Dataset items
-----
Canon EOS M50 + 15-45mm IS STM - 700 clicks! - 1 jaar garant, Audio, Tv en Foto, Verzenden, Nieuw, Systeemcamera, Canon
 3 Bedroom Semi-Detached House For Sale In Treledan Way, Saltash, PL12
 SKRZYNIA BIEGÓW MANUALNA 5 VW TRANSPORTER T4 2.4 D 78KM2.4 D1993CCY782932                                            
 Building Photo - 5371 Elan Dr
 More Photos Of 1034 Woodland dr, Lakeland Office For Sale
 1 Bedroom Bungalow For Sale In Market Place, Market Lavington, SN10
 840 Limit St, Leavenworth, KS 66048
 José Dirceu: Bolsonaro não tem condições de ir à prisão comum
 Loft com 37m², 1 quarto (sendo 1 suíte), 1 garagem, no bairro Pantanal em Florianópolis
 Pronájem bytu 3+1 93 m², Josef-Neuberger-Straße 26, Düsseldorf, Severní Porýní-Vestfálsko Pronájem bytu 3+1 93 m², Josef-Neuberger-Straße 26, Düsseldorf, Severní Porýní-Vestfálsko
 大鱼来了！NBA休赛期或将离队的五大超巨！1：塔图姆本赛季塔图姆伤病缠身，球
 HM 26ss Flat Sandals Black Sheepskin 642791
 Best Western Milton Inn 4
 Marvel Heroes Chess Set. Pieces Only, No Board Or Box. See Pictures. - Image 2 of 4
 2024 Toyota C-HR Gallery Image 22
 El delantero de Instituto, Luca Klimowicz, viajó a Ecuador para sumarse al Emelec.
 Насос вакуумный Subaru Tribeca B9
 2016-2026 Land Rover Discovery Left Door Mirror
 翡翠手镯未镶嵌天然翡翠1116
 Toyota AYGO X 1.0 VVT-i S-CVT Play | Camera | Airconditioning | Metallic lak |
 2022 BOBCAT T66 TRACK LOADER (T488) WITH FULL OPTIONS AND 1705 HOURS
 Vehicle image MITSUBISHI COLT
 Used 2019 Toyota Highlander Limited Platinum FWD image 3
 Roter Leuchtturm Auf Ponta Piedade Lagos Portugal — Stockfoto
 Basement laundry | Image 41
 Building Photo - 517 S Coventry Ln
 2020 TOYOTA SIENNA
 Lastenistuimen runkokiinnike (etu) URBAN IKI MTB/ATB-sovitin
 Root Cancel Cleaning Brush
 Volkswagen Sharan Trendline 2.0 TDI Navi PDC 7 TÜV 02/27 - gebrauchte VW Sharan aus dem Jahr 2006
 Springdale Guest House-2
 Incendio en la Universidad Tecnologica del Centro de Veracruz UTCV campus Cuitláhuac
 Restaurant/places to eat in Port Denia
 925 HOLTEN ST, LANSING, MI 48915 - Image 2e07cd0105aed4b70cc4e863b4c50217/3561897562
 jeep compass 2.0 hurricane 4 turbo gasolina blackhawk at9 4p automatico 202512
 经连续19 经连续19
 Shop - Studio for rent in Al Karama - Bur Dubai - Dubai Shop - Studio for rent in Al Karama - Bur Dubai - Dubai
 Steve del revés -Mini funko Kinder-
-----
Of all the lines above, count the ones that include the string "Bedroom" and give the number alone.

2